There are many types of RAID but the two most common are RAID 1 and RAID 0. RAID 1 is a duplicate drive, essentially Drives 1 and 2 will be exactly the same. This is done so that if either of the two drives fail, an exact copy of that drive is readily available.
Example:
Drive 1: File A, File B, File C, et cetera.
Drive 2: File A, File B, File C, et cetera.

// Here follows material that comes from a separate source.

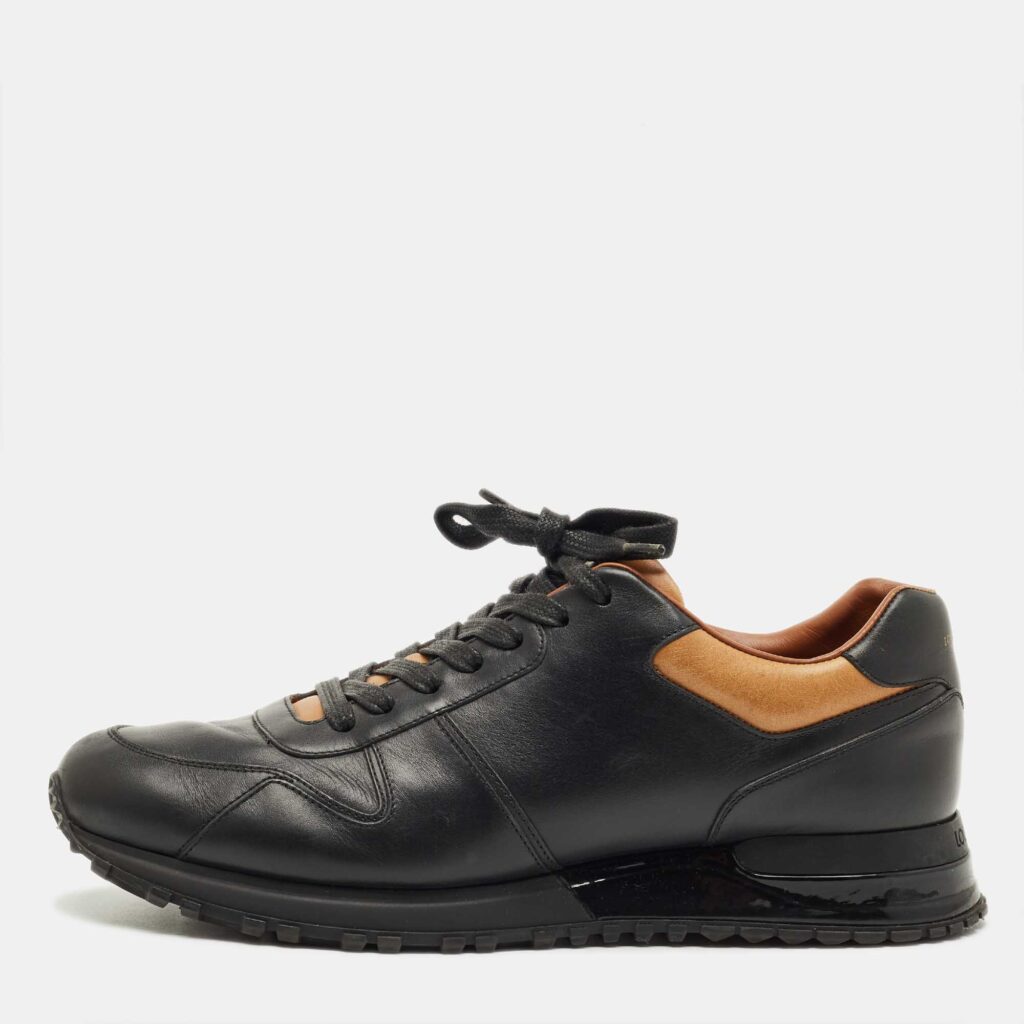 Louis Vuitton Black/Tan Leather Trim Run Lace Up Sneakers Size 42.5 Louis Vuitton Black/Tan Leather Trim Run Lace Up Sneakers Size 42.5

RAID 0 is in fact not really RAID at all because it is not redundant. RAID 0 splits a file in to pieces and puts some of the pieces on Drive 1 and some on Drive 2, to increase speed. The theory is that if Drive 1 reads the first part of File A, and Drive 2 reads the second part of File A, the information is actually read twice as fast and thus the computer is twice as fast. The major downside is that this actually doubles your susceptibility to hardware failures as if one drives fails, all of the information is lost.

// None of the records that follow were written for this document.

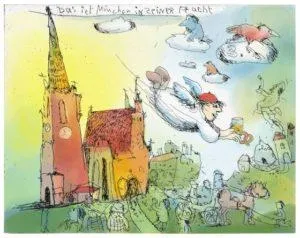 Janosch Das ist München in seiner Pracht Farbradierung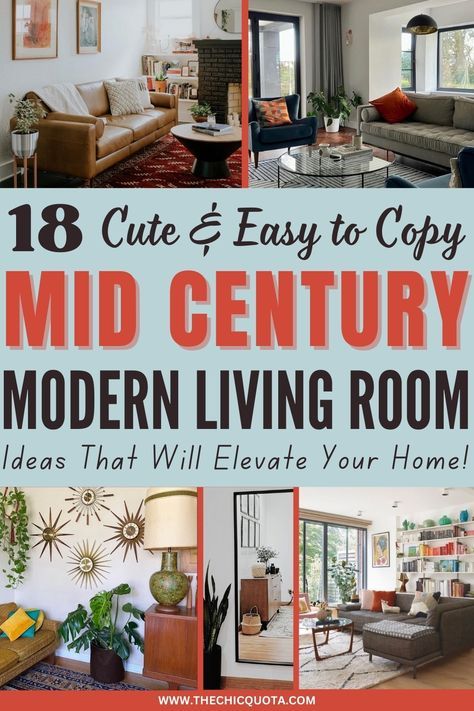 Are you looking for the best mid century modern living room ideas? This post will show you 18 mid century modern living room decor ideas to provide all the inspiration you need! From fun patterns and bright colors to wood sideboards and geometric decals, discover how to create the perfect mid century modern living room! Mid Century Modern Ranch Living Room, Midcentury Modern Living Room Decor Ideas, Mid Century Modern Frames, Mid Century Wall Art Living Room, Grey Sofa Mid Century Modern, Mid Century Country House, Mid Century Bohemian Living Room, Mid Century Modern Craft Room, How To Add Color To Living Room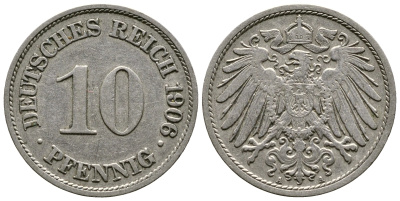 ГЕРМАНИЯ 10 ПФЕННИГОВ 1906 A KM 12, J. 13 медно-никель 4364-625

- Make sure two hard drives are connected to the motherboard and are connected to the power supply.
- Enter the standard BIOS by pressing the F2 key repeatedly on POST.
- Once in the BIOS go to the Configuration tab, then select SATA Drives.
- Within the SATA Drives heading set the Chipset SATA Mode to <RAID>
- Save changes and Exit.
- After the settings have been saved, power down the machine.
- Power on the machine and immediately begin tapping the Ctrl key and the I key repeatedly. This will access the RAID BIOS.
- The RAID BIOS will show both drives connected to the system. In this menu select Create RAID Volume.
- Select a Name for the volume and press the Tab key.
- Select the RAID type (0 or 1) using the up or down arrow keys and press Tab again.
- Press the Tab key through the rest of the options until you get to the Create Volume option and press the Enter key.
- A data loss warning will appear when creating a new volume: All data will be lost on both drives. Press the Y key to create the RAID volume.
- The two drives will show in a RAID once this is complete. Press ESC then Y to Exit the RAID BIOS then install your operating system on your drives which are now in RAID.